#### Provided material
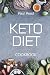 Keto Diet Cookbook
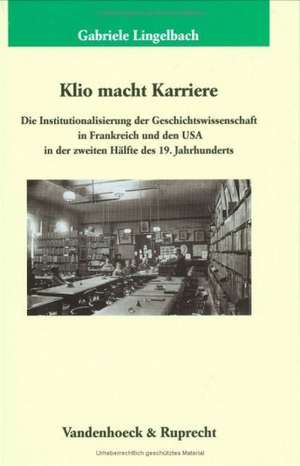 Klio Macht Karriere: Die Institutionalisierung Der Geschichtswissenschaft in Frankreich Und Den USA in Der Zweiten Halfte Des 19. Jahrhunde de Gabriele Lingelbach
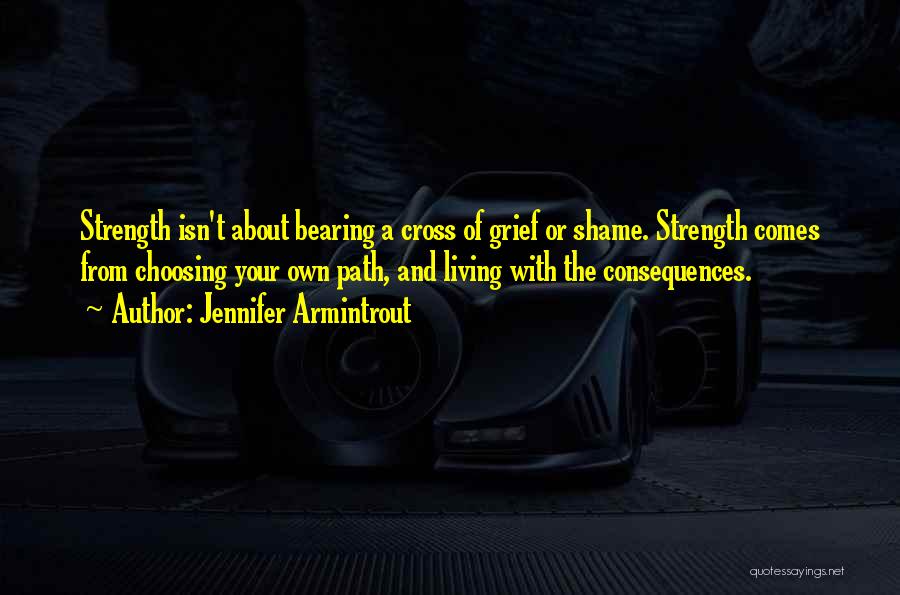 Jennifer Armintrout Quotes: Strength Isn't About Bearing A Cross Of Grief Or Shame. Strength Comes From Choosing Your Own Path, And Living With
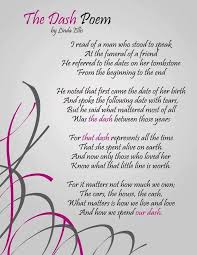 The Dash Poem By Linda Ellis Words Grief Quotes Funeral Poems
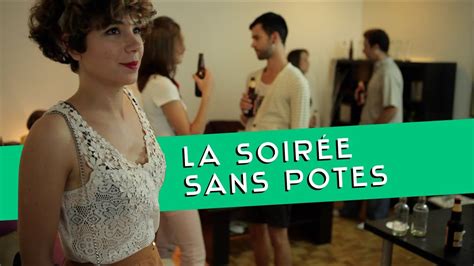 Sans Gêne La Soirée sans pote The Friendless Party ENG SUBS YouTube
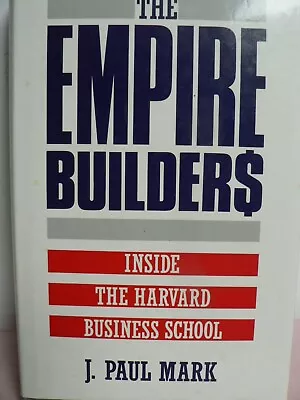 J Paul MARK / Empire Builders Power Money And Ethics Inside Harvard Free Post! • $24.95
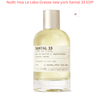 Nước Hoa Le Labo Grasse new york Santal 33 EDP - New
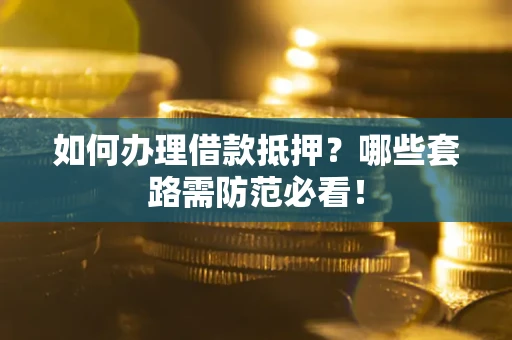 济南如何办理借款抵押？哪些套路需防范必看！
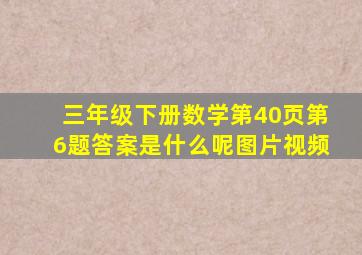 三年级下册数学第40页第6题答案是什么呢图片视频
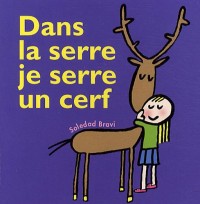 Dans la Serre Je Serre un Cerf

#### Task goal
Nothing but the lines from the one containing "济南如何办理借款抵押？哪些套路需防范必看！" through the last line of the records above should appear, each repeated exactly, with no pictures.

#### Finished exercise
 济南如何办理借款抵押？哪些套路需防范必看！
 三年级下册数学第40页第6题答案是什么呢图片视频
 Dans la Serre Je Serre un Cerf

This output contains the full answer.